PROBLEM STATEMENT: All of the data should be copied exactly, with the pictures left out.

DATA EXCERPTS:
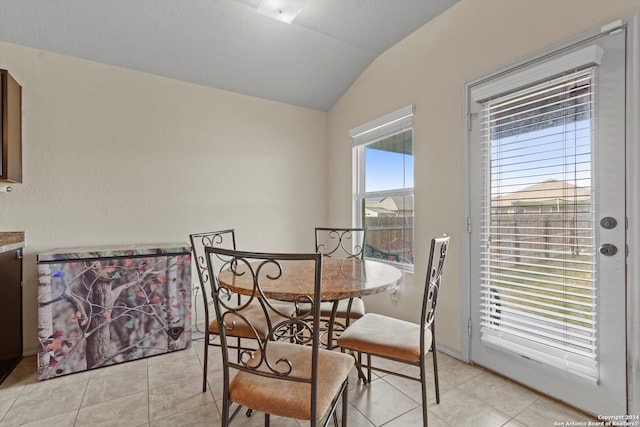 dining space featuring vaulted ceiling and light tile patterned floors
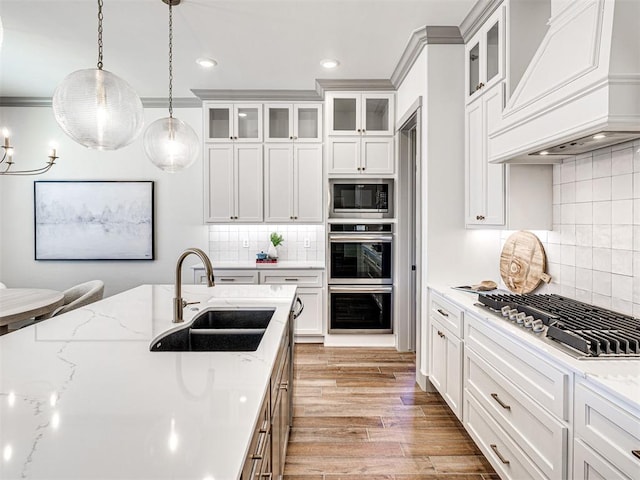 kitchen with premium range hood, light wood finished floors, stainless steel appliances, a sink, and pendant lighting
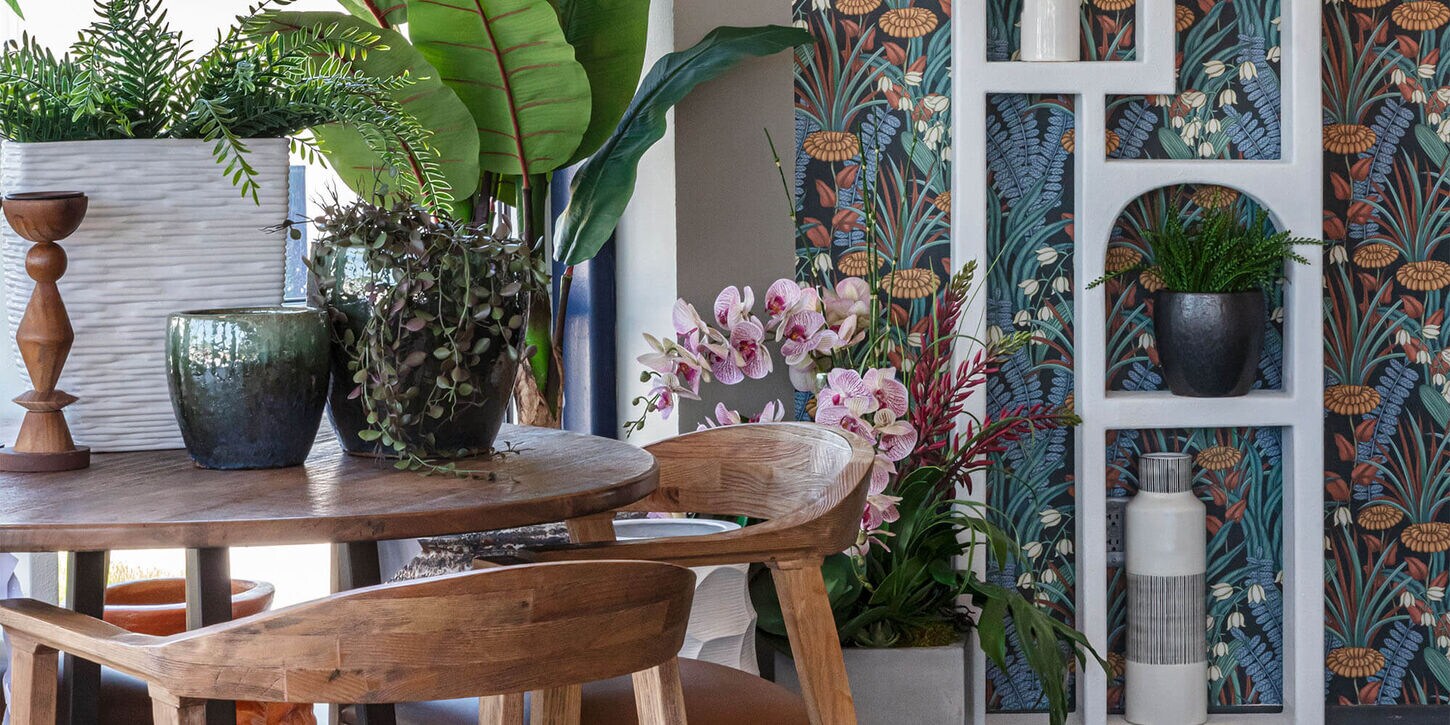 Green and blue colors and decor in a room with a dining table and shelf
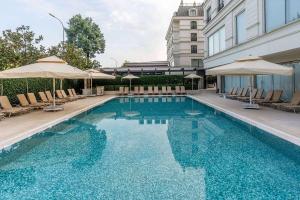 a swimming pool with chairs and umbrellas next to a building at Wyndham Grand Istanbul Kalamış Marina Hotel in Istanbul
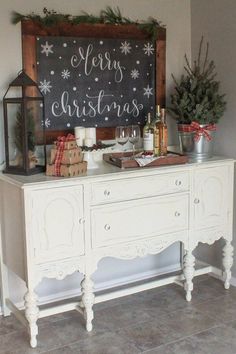 a white buffet table with christmas decorations and a chalkboard on the wall above it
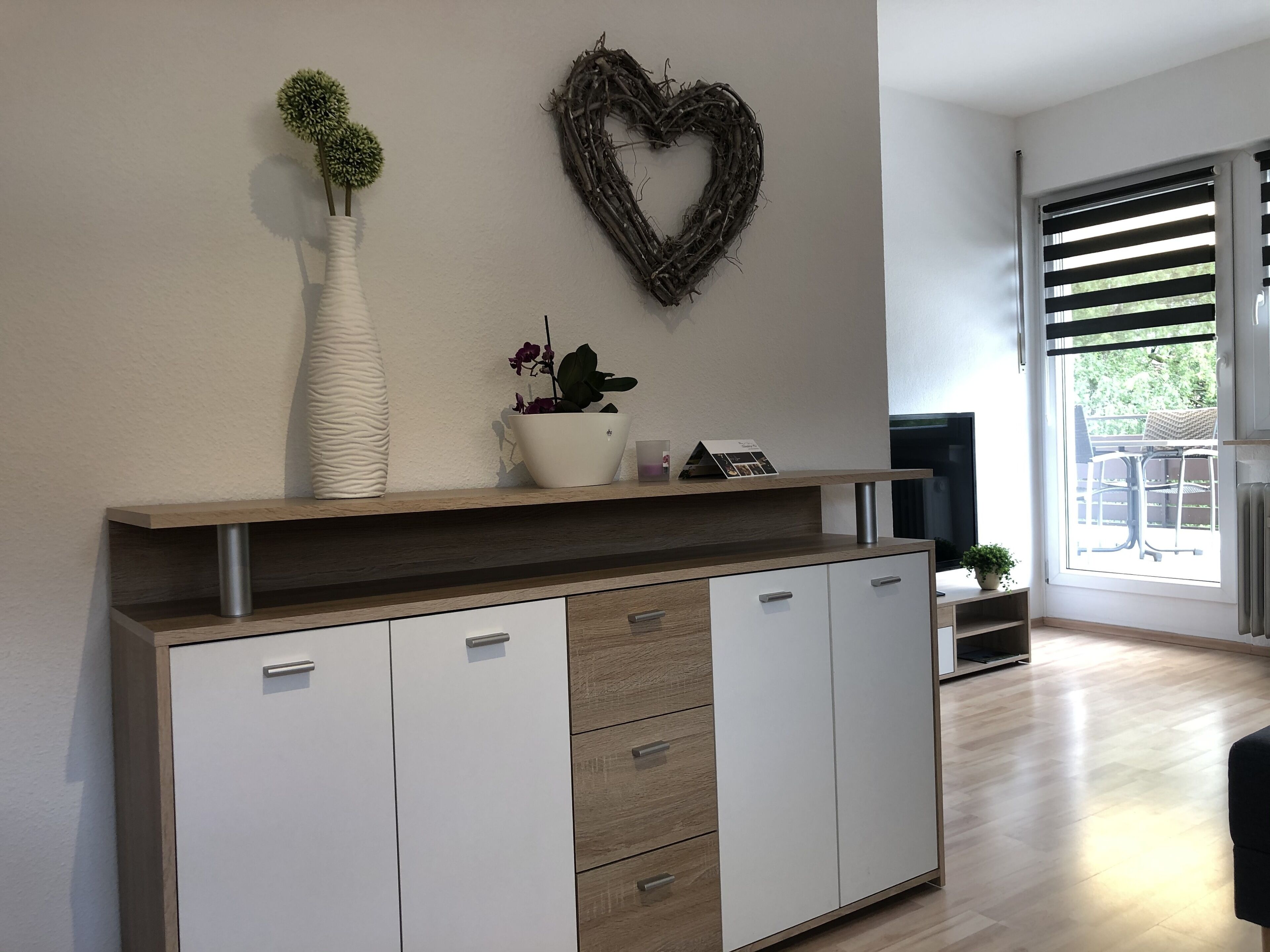 Una sala de estar moderna con un mueble de madera, un adorno de pared con forma de corazón y una planta en maceta.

ANSWER BOX:
 dining space featuring vaulted ceiling and light tile patterned floors
 kitchen with premium range hood, light wood finished floors, stainless steel appliances, a sink, and pendant lighting
 Green and blue colors and decor in a room with a dining table and shelf
 a swimming pool with chairs and umbrellas next to a building at Wyndham Grand Istanbul Kalamış Marina Hotel in Istanbul
 a white buffet table with christmas decorations and a chalkboard on the wall above it
 Una sala de estar moderna con un mueble de madera, un adorno de pared con forma de corazón y una planta en maceta.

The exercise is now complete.